Hughes Electronics, which has been working with IBM on the technology, predicts
"availability as early as 1997 of the fastest silicon ICs used in communications
applications to date," according to Hughes spokesman Ron Finnila. For more
information, e-mail firstname.lastname@example.org, visit http://www.research.ibm.com/sigetech/.
Calculating weld safety
Pipelines, reactors, agitators, boilers, exhaust systems, and more need to be repaired or replaced because welded joints fail to reach the end of their anticipated fatigue life. The reason: calculation procedures for ductile steel are inadequate because they cannot take into account the complex multi-axial stresses to which welded joints are exposed. Many designers react by using more and stronger welds than necessary to ensure the safety of the finished product. In an attempt to overcome both problems, Professor Cetin Morris Sonsino at the Fraunhofer Institute, Darmstadt, Germany, has developed the calculation method "hypothesis of effective equivalent stress." The method recognizes that it is local shear strains or stresses that are responsible for the failure of critical component sectors. Based on Sonsino's findings, the Institute has developed software that allows designers to use the calculations in their day-to-day work. The project's success should let designers optimize their plans without having to make allowances for undefined safety factors, leading to considerable materials savings. FAX C.M. Sonsino at (+49) 6151 705 214.

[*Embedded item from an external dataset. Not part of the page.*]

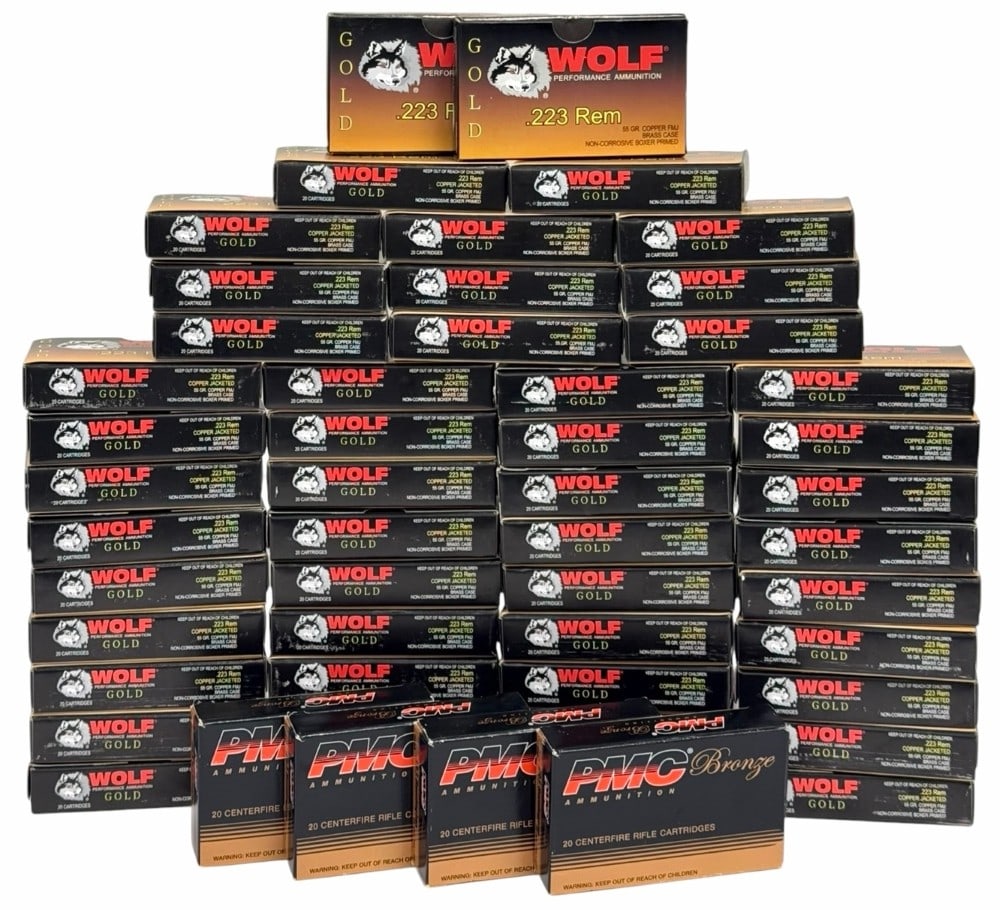 1060 Rounds Wolf and PMC .223 Ammunition: 1060 Rounds Wolf and PMC .223 Ammunition. This lot is for 980 rounds of Wolf gold .223 Rem Copper Jacket 55gr. FMJ and 80 rounds of PMC Bronze .223 Rem 55gr. FMJ-BT.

Kiddie video camera uses CMOS chip
VISION, a Scottish electronic imaging company, has linked
with U.S. toy manufacturer Tyco to develop a video camera just for kids. The
Tyco "VideoCam" provides black and white video pictures, which will be relayed
directly into a television via a standard VCR player. The technology combines
both image sensing and image processing on the same CMOS chip. VISION's CMOS
imaging technology has resulted in a lightweight, sturdy, simple to operate, and
cost-effective to make video camera. Advantages include reduced cost, size, and
power requirements. For details, FAX (408) 374-4722, e-mail email@example.com .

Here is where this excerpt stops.